Bader Munshi

Personal information
- Full name: Bader Mohammed Yousef Munshi
- Date of birth: 22 June 1999 (age 26)
- Place of birth: Jeddah, Saudi Arabia
- Height: 1.73 m (5 ft 8 in)
- Position: Midfielder

Team information
- Current team: Al-Khaleej
- Number: 16

Youth career
- –2018: Al-Ahli

Senior career*
- Years: Team / Apps / (Gls)
- 2018–2020: Al-Ahli / 0 / (0)
- 2020–2021: Al-Kawkab / 8 / (0)
- 2021–2024: Damac / 65 / (0)
- 2024–2026: Al-Diriyah / 25 / (0)
- 2026–: Al-Khaleej / 0 / (0)

International career^{‡}
- 2021–2022: Saudi Arabia U23
- 2021–: Saudi Arabia / 1 / (0)

= Bader Munshi =

Saudi Arabian footballer (born 1999)

Bader Mohammed Yousef Munshi (بدر محمد يوسف منشي, born 22 June 1999) is a Saudi Arabian professional footballer who plays as a midfielder for Al-Khaleej.

==Career==
Munshi started his career at the youth team of Al-Ahli.
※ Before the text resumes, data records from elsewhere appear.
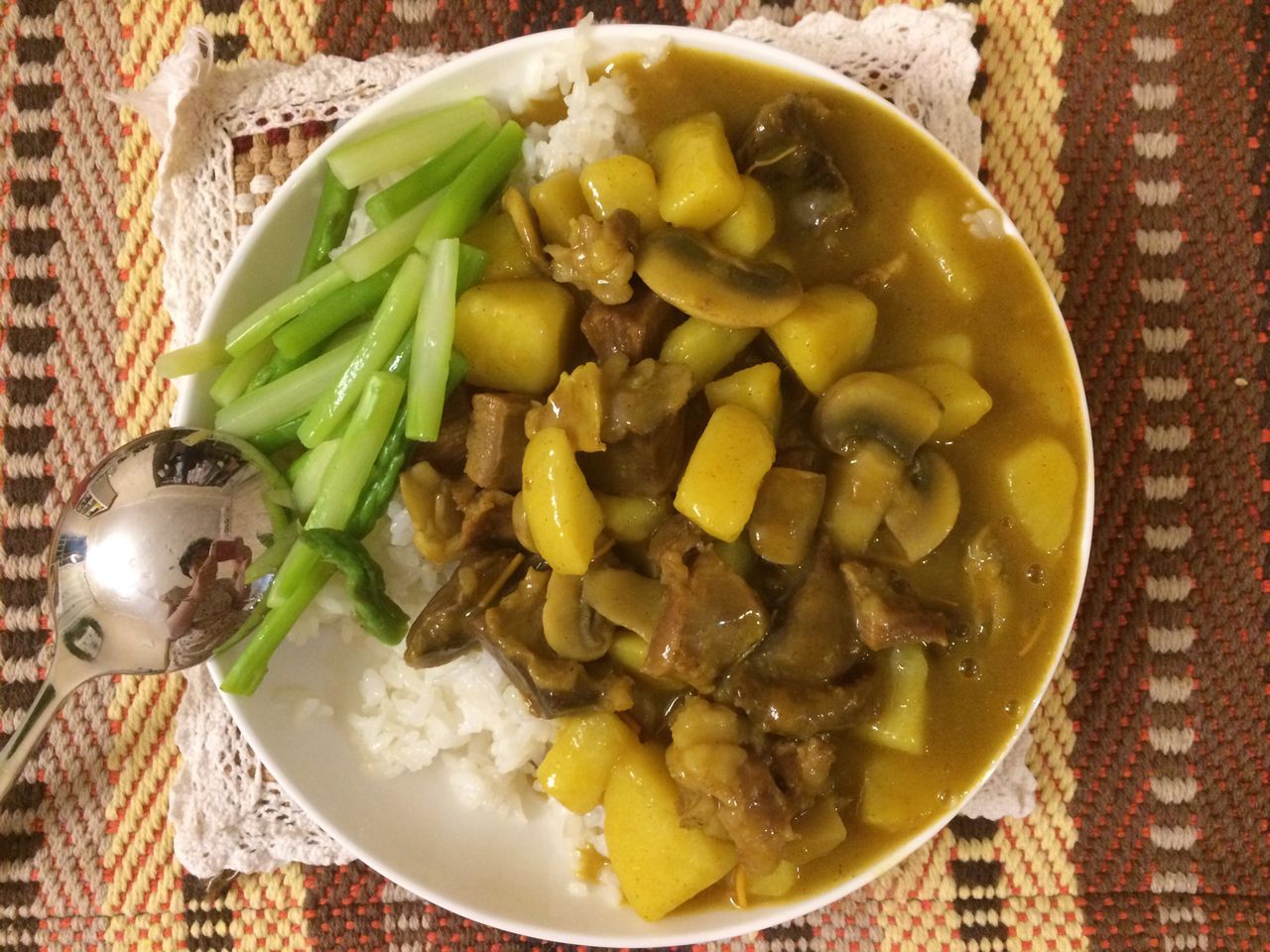 蘑菇土豆燉牛肉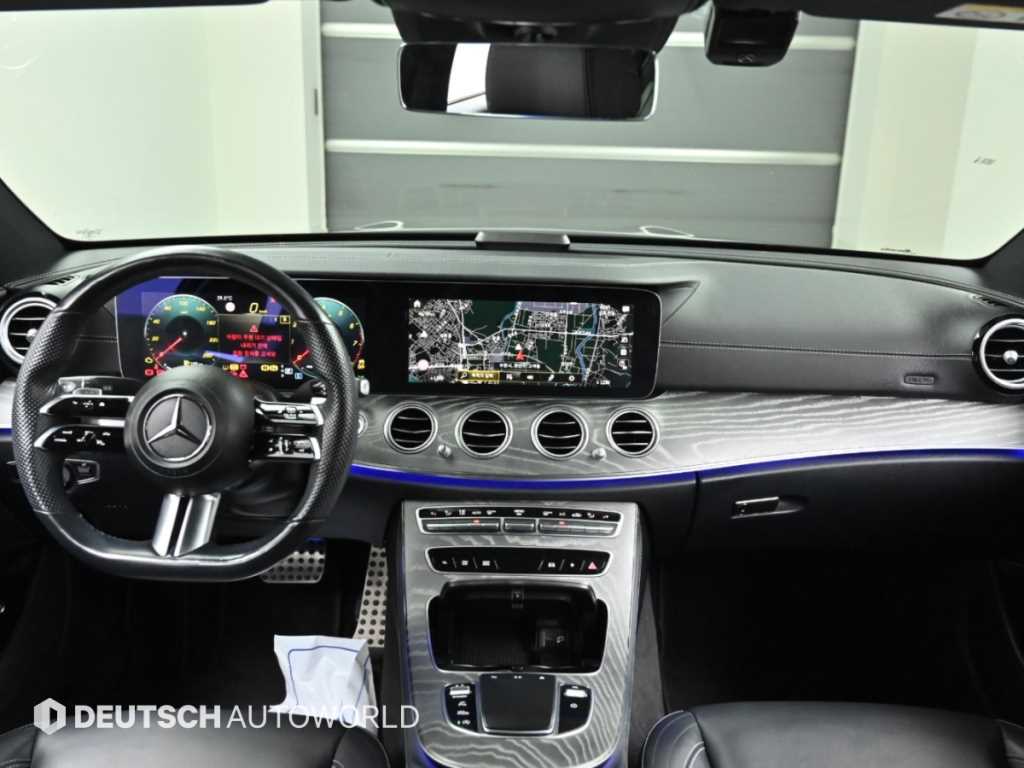 Mercedes-Benz E-Class — photo 07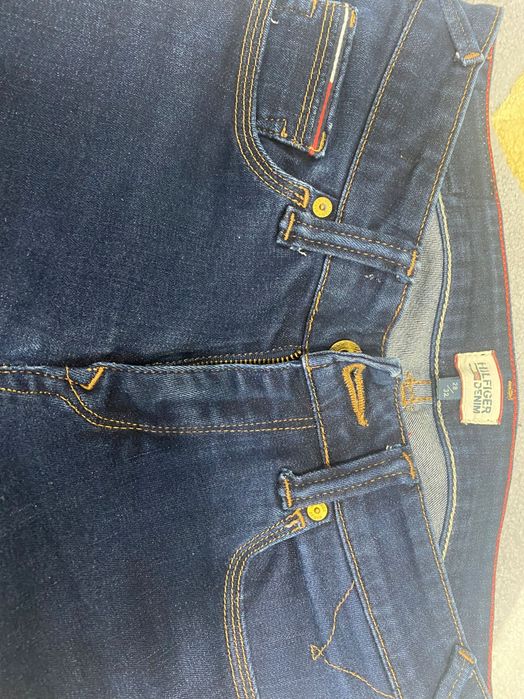 Blugi Guess si Tommy Hilfinger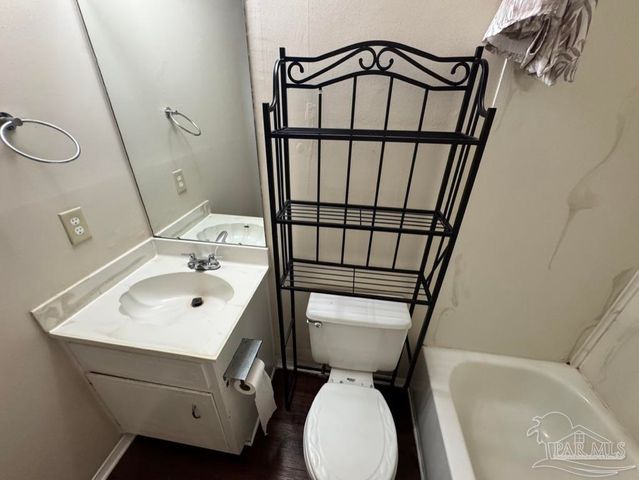 1500 Johnson Ave 128, Pensacola, FL 32514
On 25 August 2019, Munshi signed his first professional contract with the club. On 11 October 2020, Munshi was released from his contract by the club. on 31 October 2020, Munshi joined First Division League side Al-Kawkab. On 28 January 2021, Munshi joined Pro League side Damac. On 2 September 2024, Munshi joined Saudi Second Division League club Al-Diriyah. On 24 January 2026, Munshi joined Al-Khaleej.